30 000 petits euros. Les premiers résultats de la souscription lancée mi-novembre pour renflouer les caisses n’étaient pas à la hauteur des espérances des dirigeants de Charlie Hebdo. En novembre 2011, lors de l’incendie des locaux par les fous d’Allah, ils avaient récupéré dix fois plus. Cette manne leur avaient permis de déménager et de s’installer dans de meilleures conditions, plus sécuritaires en principe. En perte de 100 000 euros en 2014 pour un chiffre d’affaires de cinq millions d’euros, Charlie Hebdo avait fini par lasser ses lecteurs, contraints d’assurer ses fins de mois. En cause, un modèle économique déclinant et encore largement marqué par le print. Faute de capacité d’investissement, mais aussi d’appétence pour le numérique, l’hebdomadaire satirique accusait un retard important sur les nouveaux médias.

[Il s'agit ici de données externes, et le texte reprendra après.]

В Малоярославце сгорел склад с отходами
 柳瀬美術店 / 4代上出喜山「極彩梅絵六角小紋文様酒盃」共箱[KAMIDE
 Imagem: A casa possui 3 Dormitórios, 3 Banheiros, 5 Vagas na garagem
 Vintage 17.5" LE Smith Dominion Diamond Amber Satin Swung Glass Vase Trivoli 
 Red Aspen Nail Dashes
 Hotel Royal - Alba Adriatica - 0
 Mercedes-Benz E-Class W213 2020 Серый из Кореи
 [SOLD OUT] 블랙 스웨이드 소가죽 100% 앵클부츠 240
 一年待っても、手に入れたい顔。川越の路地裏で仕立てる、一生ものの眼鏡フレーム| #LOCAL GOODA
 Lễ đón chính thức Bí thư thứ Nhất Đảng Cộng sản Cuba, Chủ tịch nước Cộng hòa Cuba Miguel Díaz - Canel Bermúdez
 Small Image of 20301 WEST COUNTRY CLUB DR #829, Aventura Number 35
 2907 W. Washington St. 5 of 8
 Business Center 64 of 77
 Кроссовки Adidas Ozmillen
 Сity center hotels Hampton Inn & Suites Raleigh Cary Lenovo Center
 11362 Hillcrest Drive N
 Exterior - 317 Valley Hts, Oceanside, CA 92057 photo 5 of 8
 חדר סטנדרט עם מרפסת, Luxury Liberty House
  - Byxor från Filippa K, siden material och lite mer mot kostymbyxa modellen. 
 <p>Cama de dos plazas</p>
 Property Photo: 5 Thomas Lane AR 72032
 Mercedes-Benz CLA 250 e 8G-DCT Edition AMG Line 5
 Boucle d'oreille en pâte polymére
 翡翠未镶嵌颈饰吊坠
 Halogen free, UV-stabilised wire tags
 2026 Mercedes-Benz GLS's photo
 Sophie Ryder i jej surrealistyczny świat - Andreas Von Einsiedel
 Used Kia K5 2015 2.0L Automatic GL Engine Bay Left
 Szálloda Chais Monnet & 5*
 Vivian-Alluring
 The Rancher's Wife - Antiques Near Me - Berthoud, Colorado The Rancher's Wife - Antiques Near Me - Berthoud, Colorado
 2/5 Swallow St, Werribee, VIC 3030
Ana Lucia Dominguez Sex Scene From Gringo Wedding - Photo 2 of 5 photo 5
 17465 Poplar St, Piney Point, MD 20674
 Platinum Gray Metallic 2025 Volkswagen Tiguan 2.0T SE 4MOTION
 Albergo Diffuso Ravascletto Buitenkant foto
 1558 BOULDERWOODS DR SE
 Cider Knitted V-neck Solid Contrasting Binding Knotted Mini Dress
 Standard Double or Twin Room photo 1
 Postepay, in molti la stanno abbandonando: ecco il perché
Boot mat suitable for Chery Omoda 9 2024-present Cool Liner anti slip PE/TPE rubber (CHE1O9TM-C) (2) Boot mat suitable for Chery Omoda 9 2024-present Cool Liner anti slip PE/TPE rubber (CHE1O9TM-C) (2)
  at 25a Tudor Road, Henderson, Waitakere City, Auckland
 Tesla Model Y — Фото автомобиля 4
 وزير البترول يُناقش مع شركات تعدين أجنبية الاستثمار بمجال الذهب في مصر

Désormais, le titre pourra largement se développer grâce aux millions d’euros qu’il va récolter. D’une part, les dons récoltés auprès des lecteurs par le biais de l’association Presse & pluralisme s’élevaient au 14 janvier à un million d’euros. Ils dépasseront largement ce chiffre dans quelques semaines, tant les dons continuent à affluer. D’autre part, le numéro 1178, sorti ce même 14 janvier, a été tiré à plus de cinq millions d’exemplaires. Le produit de la vente sera entièrement reversé à Charlie Hebdo, sans aucune commission perçue de la part des Messageries lyonnaises de presse et des kiosquiers. 110 000 abonnements ont par ailleurs été souscrits en une semaine. Charlie Hebdo, qui vivotait à 30 000 exemplaires au total en moyenne, est devenu un poids lourd de la presse !
Ce changement d’ère n’est pas seulement économique. Le titre dispose aussi à présent d’un capital de sympathie exceptionnel. Ce n’était pas le cas il y a encore quelques mois. Si le lectorat était confidentiel, les politiques, de droite comme de gauche, n’aimaient guère Charlie Hebdo non plus. Trop provocateur. Ainsi, en 2006, Jacques Chirac avait condamné la parution de douze dessins sur Mahomet dans l’Hebdomadaire. François Hollande n’appréciait pas non plus ce titre, générateur de troubles potentiels auprès des musulmans de France. Tous sont à présent au coude à coude après avoir peu soutenu, voire critiqué, en son temps Charlie Hebdo.